Generate 10 rows of CSV data:

testdatax -o users.csv -f csv -s schema.json -r 10

Generate 1000 rows of Parquet data with debug output:

testdatax -o large_dataset.parquet -f parquet -s users_schema.json -r 1000 -d

Generate JSON data with default row count (10):

testdatax -o data.json -f json -s schema.json

Generate ORC file with specific schema:

testdatax -o analytics.orc -f orc -s analytics_schema.json -r 100

Generate MySQL with default row count (1000), table_name as 'default':

testdatax -o default.sql -f mysql -r 1000

Generate MSSQL with default row count (1000), table_name as 'mstest':

testdatax -o mstest.sql -f mssql -r 1000

Generate Oracle with default row count (1000), table_name as 'oracle':

datagen -o oracle.sql -f oracle -r 1000

Each command consists of:

  • -o, --output: Specify the output file path and name
  • -f, --format: Output format (csv, json, orc, parquet, mysql, mssql, oracle)
  • -s, --schema: Path to your schema definition file
  • -r, --rows: Number of rows to generate (optional, defaults to 10)
  • -d, --debug: Enable debug logging (optional)

Schema Example

{
  "username": {
    "type": "string",
    "faker": "name"
  },
  "date_joined": {
    "type": "datetime"
  },
  "date": {
    "type": "date"
  },
  "age": {
    "type": "integer",
    "min": 18,
    "max": 99
  },
  "is_active": {
    "type": "boolean"
  },
  "float": {
    "type": "float"
  },
  "uuid": {
    "type": "uuid"
  },
  "status": {
    "type": "enum",
    "values": ["active", "inactive", "pending"]
  }
}

Schema Configuration

The schema file defines the structure and constraints of your generated data.
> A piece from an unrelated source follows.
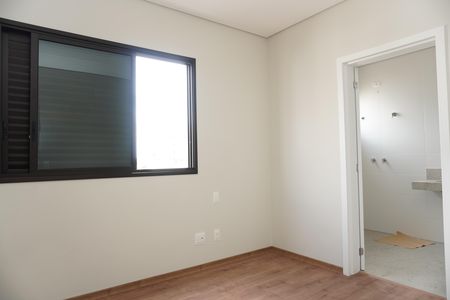 Apartamento à venda com 170m², 3 quartos e 3 vagasSuíte 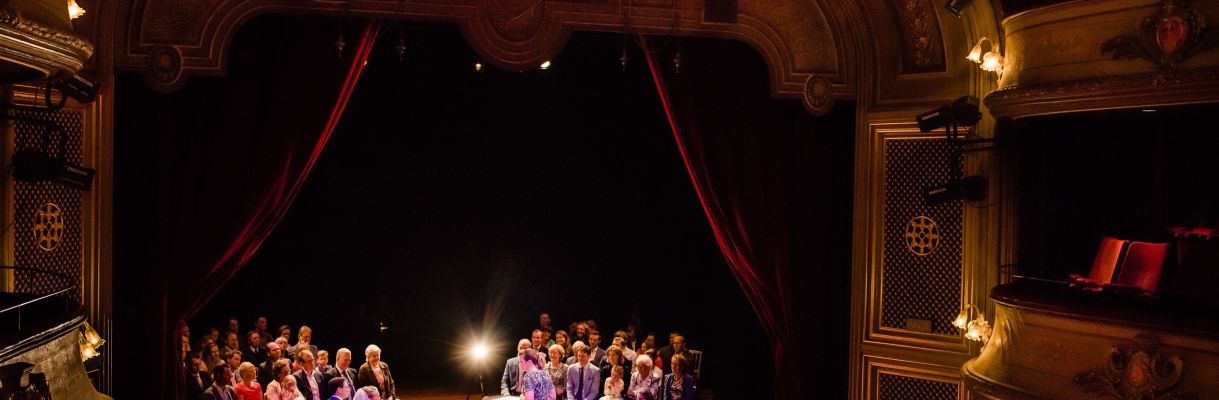 LS_theaterzaal_sfeer_bruiloft_studio_damon_2_cbqjgd trouwen-in-schouwburg-leidse-schouwburg-stadsgehoorzaal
Each field in the schema can have the following properties:

Basic Field Properties

  • type: (required) The data type of the field
  • nullable: (optional) Boolean to allow null values (default: false)
  • unique: (optional) Boolean to ensure unique values (default: false)

Type-Specific Properties

String Fields

{
  "username": {
    "type": "string",
    "min_length": 5,
    "max_length": 20,
    "faker": "user_name"  // Use faker to generate realistic data
  },
  "description": {
    "type": "text",
    "min_length": 100,
    "max_length": 500
  }
}

Numeric Fields

{
  "age": {
    "type": "integer",
    "min": 18,
    "max": 99
  },
  "score": {
    "type": "float",
    "min": 0.0,
    "max": 100.0,
    "precision": 2
  }
}

Date and Time Fields

{
  "created_at": {
    "type": "datetime",
    "start_date": "2020-01-01",
    "end_date": "2023-12-31"
  },
  "birth_date": {
    "type": "date",
    "format": "%Y-%m-%d"
  }
}

Enum Fields

{
  "status": {
    "type": "enum",
    "values": ["pending", "active", "suspended"],
    "weights": [0.2, 0.7, 0.1]  // Optional probability weights
  }
}

Using Faker

The generator supports Faker providers for generating realistic data:

{
  "name": {
    "type": "string",
    "faker": "name"
  },
  "email": {
    "type": "string",
    "faker": "email"
  },
  "address": {
    "type": "string",
    "faker": "address"
  },
  "company": {
    "type": "string",
    "faker": "company"
  }
}

Complete Example

{
  "user_id": {
    "type": "uuid",
    "unique": true
  },
  "username": {
    "type": "string",
    "faker": "user_name",
    "unique": true
  },
  "email": {
    "type": "string",
    "faker": "email",
    "unique": true
  },
  "age": {
    "type": "integer",
    "min": 18,
    "max": 99
  },
  "status": {
    "type": "enum",
    "values": ["active", "inactive"],
    "weights": [0.8, 0.2]
  },
  "created_at": {
    "type": "datetime",
    "start_date": "2020-01-01",
    "end_date": "2023-12-31"
  },
  "is_verified": {
    "type": "boolean",
    "nullable": true
  }
}

Supported Data Types

  • string
  • text
  • integer
  • bigint
  • float
  • decimal
  • boolean
  • date
  • datetime
  • blob
  • uuid
  • enum

Database Type Mappings

Generic Type MySQL MSSQL Oracle
string VARCHAR(255) NVARCHAR(255) VARCHAR2(255)
text TEXT NVARCHAR(MAX) CLOB
integer INT INT NUMBER(10)
bigint BIGINT BIGINT NUMBER(19)
float FLOAT FLOAT FLOAT
decimal DECIMAL(18,2) DECIMAL(18,2) NUMBER(18,2)
boolean TINYINT(1) BIT NUMBER(1)
date DATE DATE DATE
datetime DATETIME DATETIME2 TIMESTAMP
blob LONGBLOB VARBINARY(MAX) BLOB
uuid VARCHAR(36) UNIQUEIDENTIFIER VARCHAR2(36)
enum ENUM NVARCHAR(255) VARCHAR2(255)

License

This project is licensed under the MIT License - see the LICENSE file for details.

Test change

Project details


Download files

Download the file for your platform. If you're not sure which to choose, learn more about installing packages.

Source Distribution

testdatax-0.1.0.tar.gz (19.4 kB view details)

Uploaded Source

Built Distribution

If you're not sure about the file name format, learn more about wheel file names.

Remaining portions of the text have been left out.